------ Materials provided ------
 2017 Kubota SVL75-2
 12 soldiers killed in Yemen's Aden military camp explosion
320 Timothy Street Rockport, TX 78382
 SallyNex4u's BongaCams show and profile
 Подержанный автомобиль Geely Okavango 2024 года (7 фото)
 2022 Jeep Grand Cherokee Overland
------
------ Materials provided ------
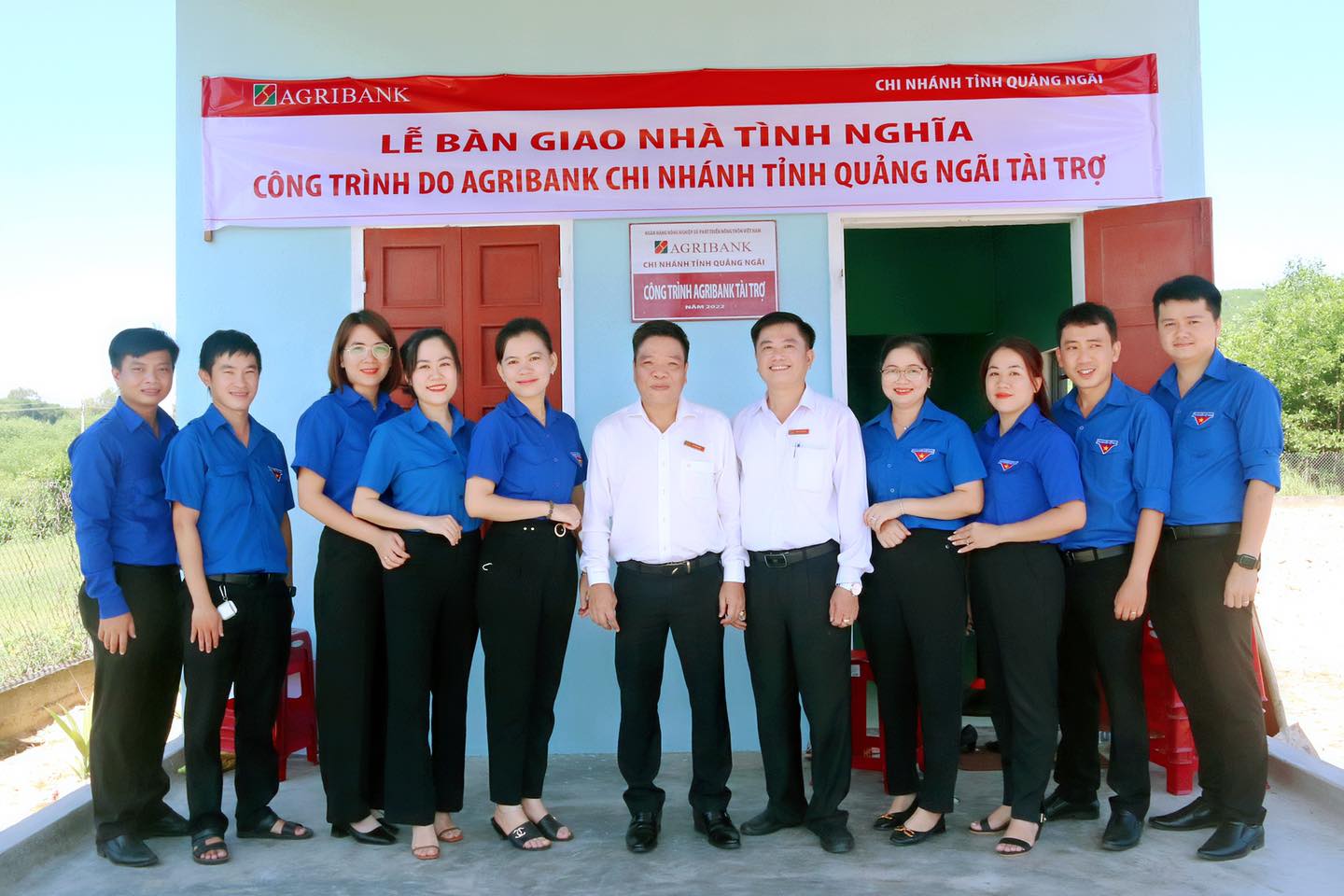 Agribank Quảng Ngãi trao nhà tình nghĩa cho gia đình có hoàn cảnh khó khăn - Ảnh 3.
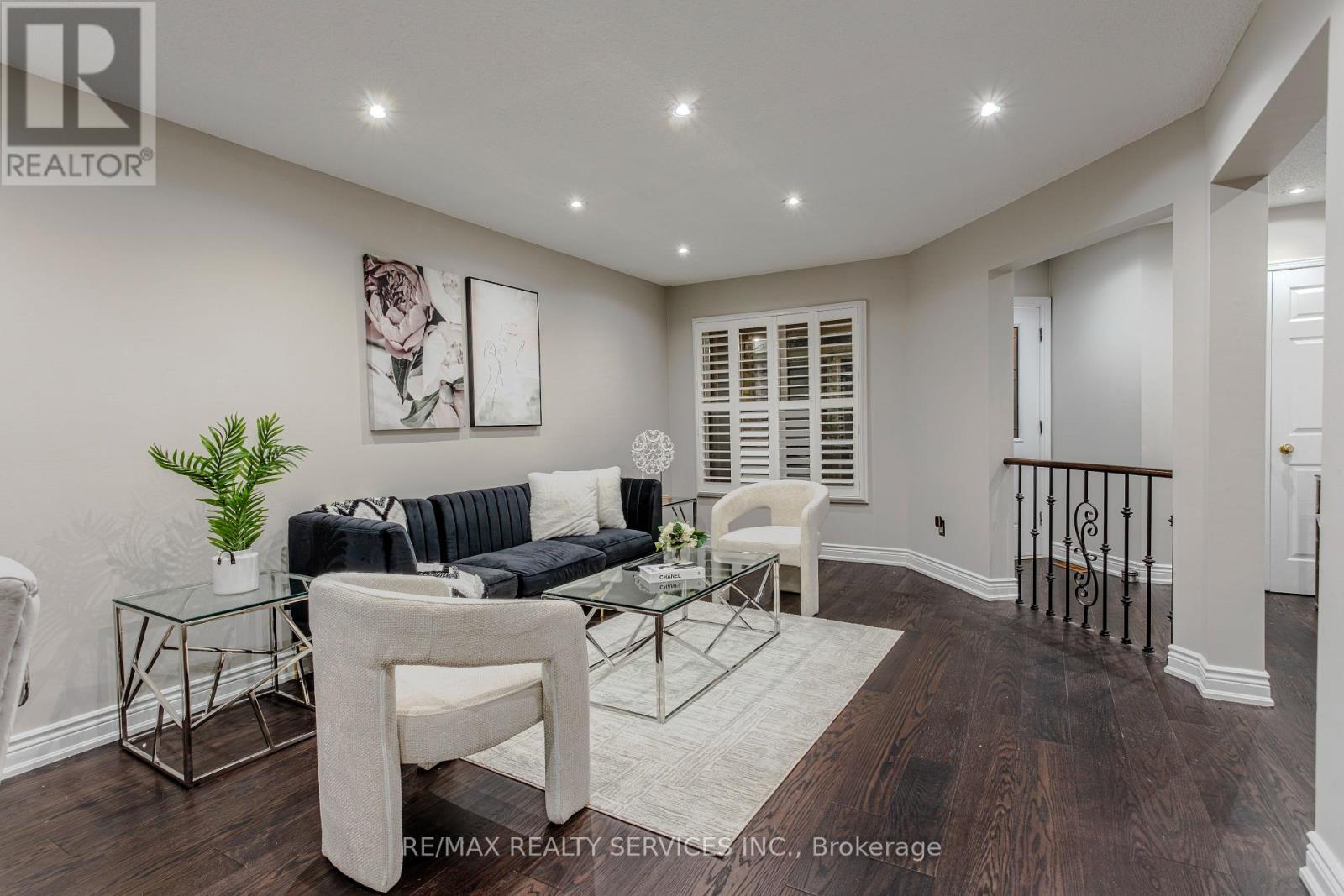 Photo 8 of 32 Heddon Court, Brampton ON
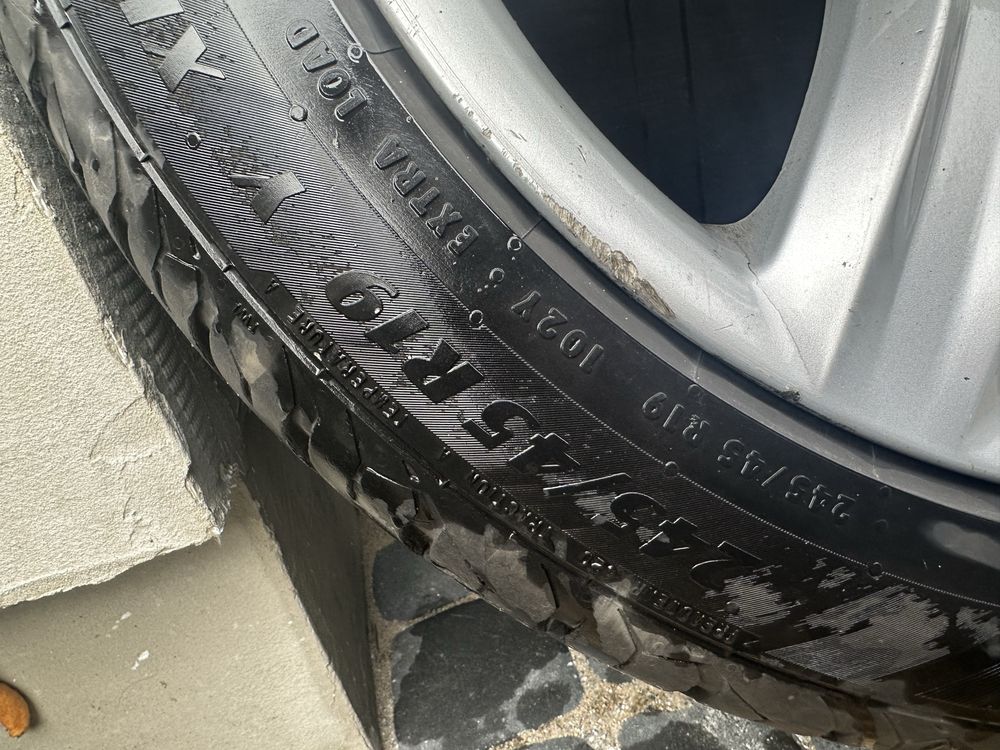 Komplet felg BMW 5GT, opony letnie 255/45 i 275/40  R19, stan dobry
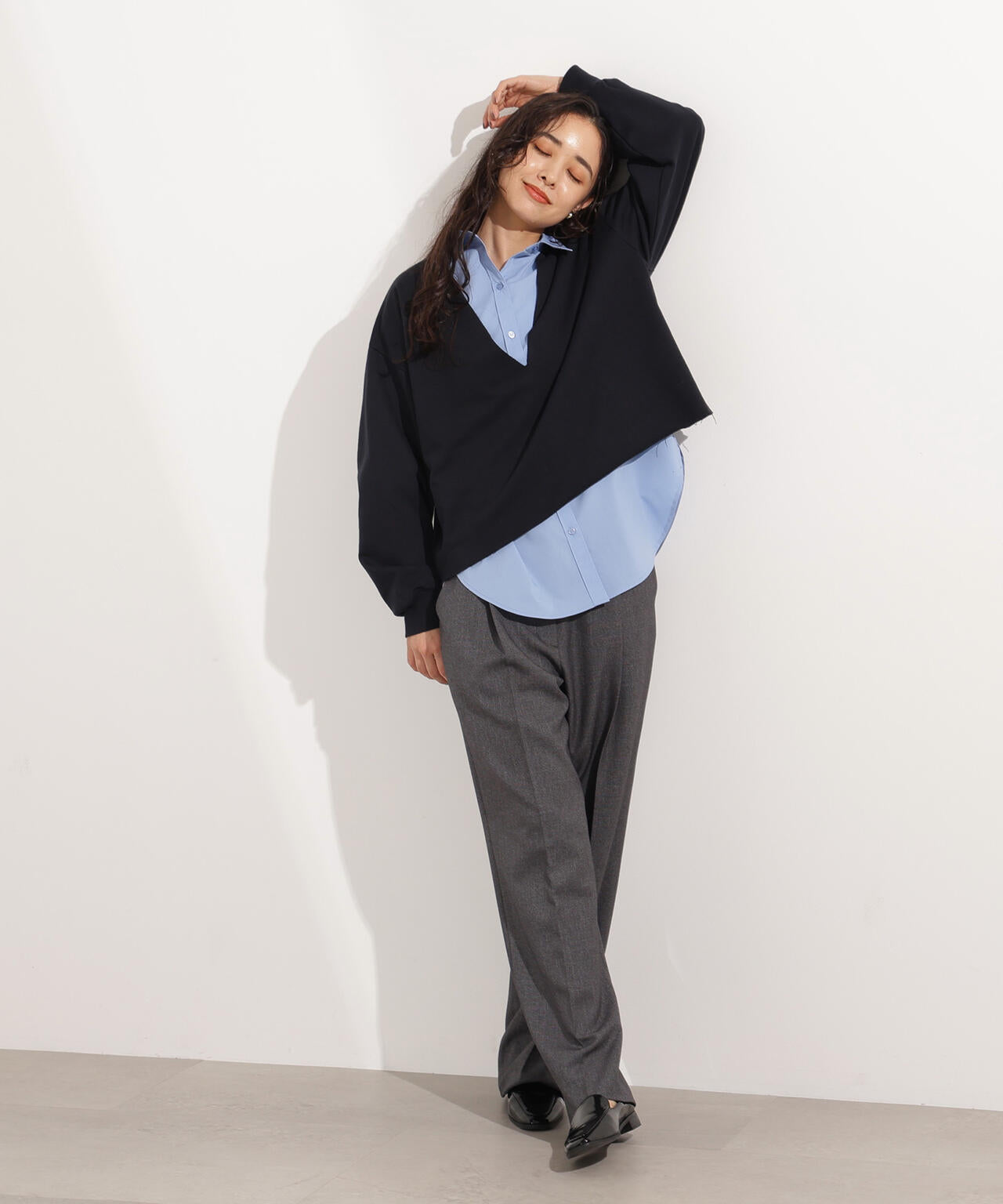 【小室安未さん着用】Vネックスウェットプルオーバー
------
------ Materials provided ------
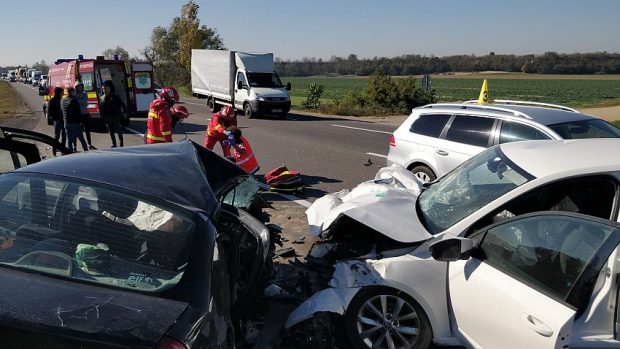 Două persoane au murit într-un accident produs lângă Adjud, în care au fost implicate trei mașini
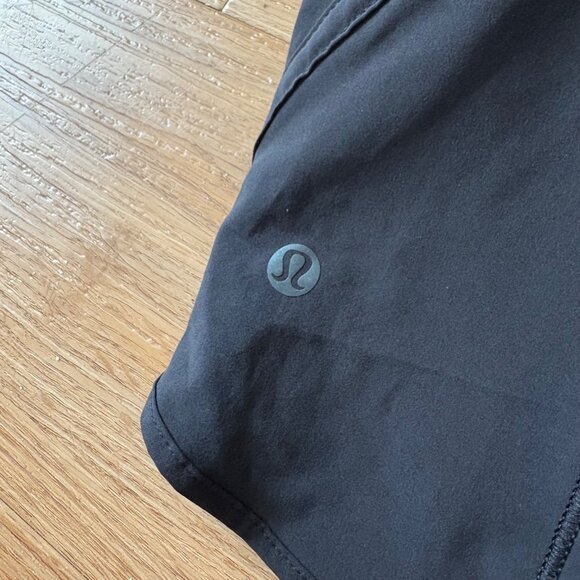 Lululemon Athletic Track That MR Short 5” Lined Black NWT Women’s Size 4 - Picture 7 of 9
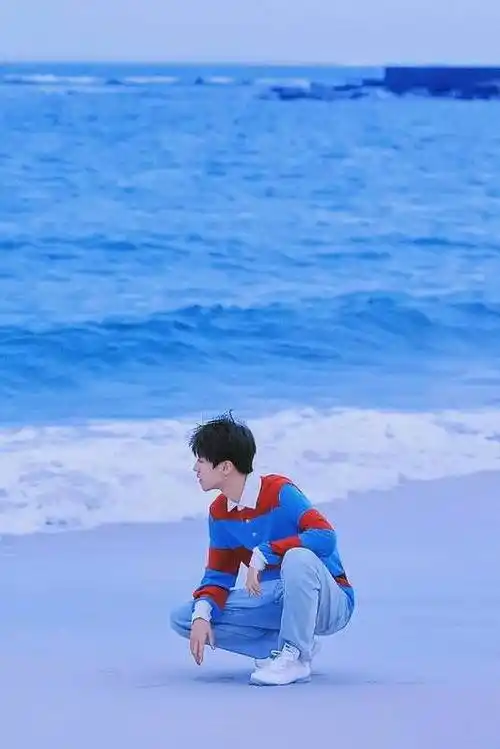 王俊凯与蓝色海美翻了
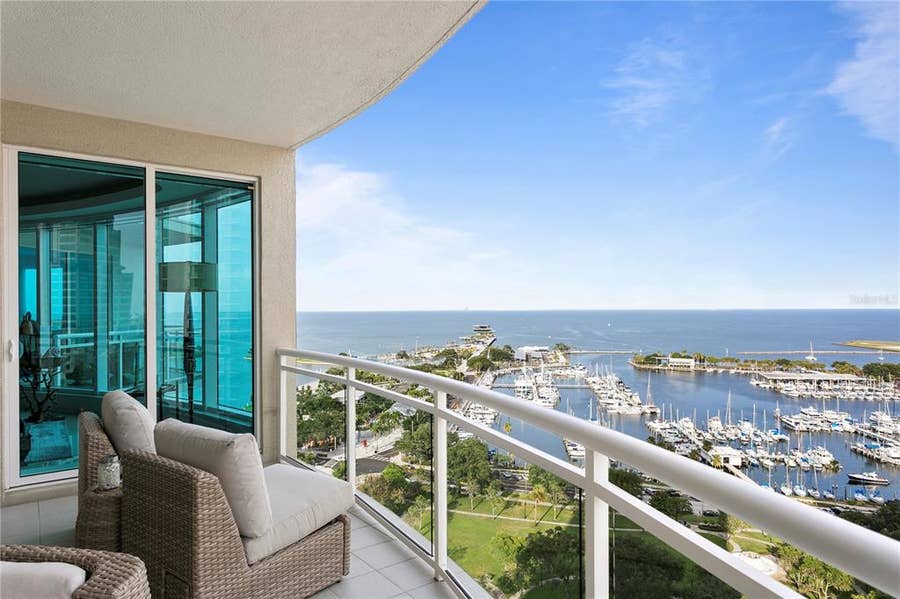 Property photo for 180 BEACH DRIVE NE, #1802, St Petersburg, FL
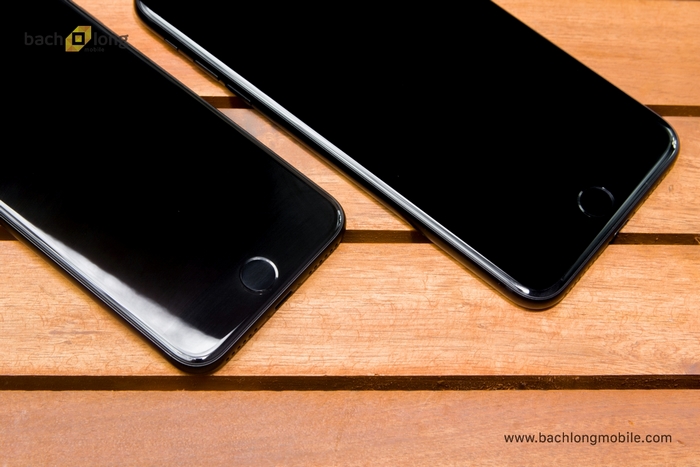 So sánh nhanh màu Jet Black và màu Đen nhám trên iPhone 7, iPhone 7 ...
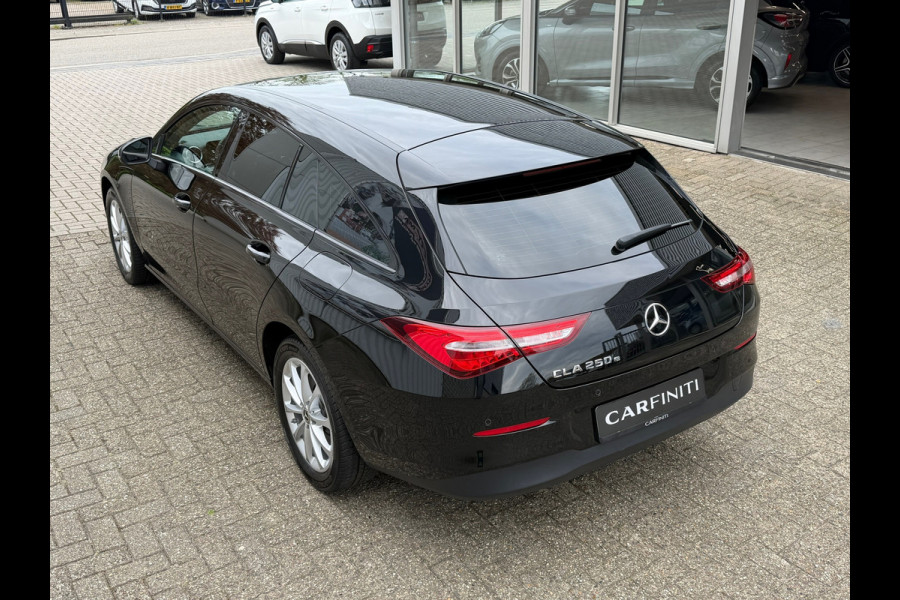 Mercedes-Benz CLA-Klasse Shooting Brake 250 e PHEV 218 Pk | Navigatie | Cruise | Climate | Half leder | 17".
------
- What you will do
Starting with the line with "12 soldiers killed" above and going on through the line with "2022 Jeep Grand Cherokee Overland", transcribe every line exactly, both ends included, and add nothing.

- Completed exercise
 12 soldiers killed in Yemen's Aden military camp explosion
320 Timothy Street Rockport, TX 78382
 SallyNex4u's BongaCams show and profile
 Подержанный автомобиль Geely Okavango 2024 года (7 фото)
 2022 Jeep Grand Cherokee Overland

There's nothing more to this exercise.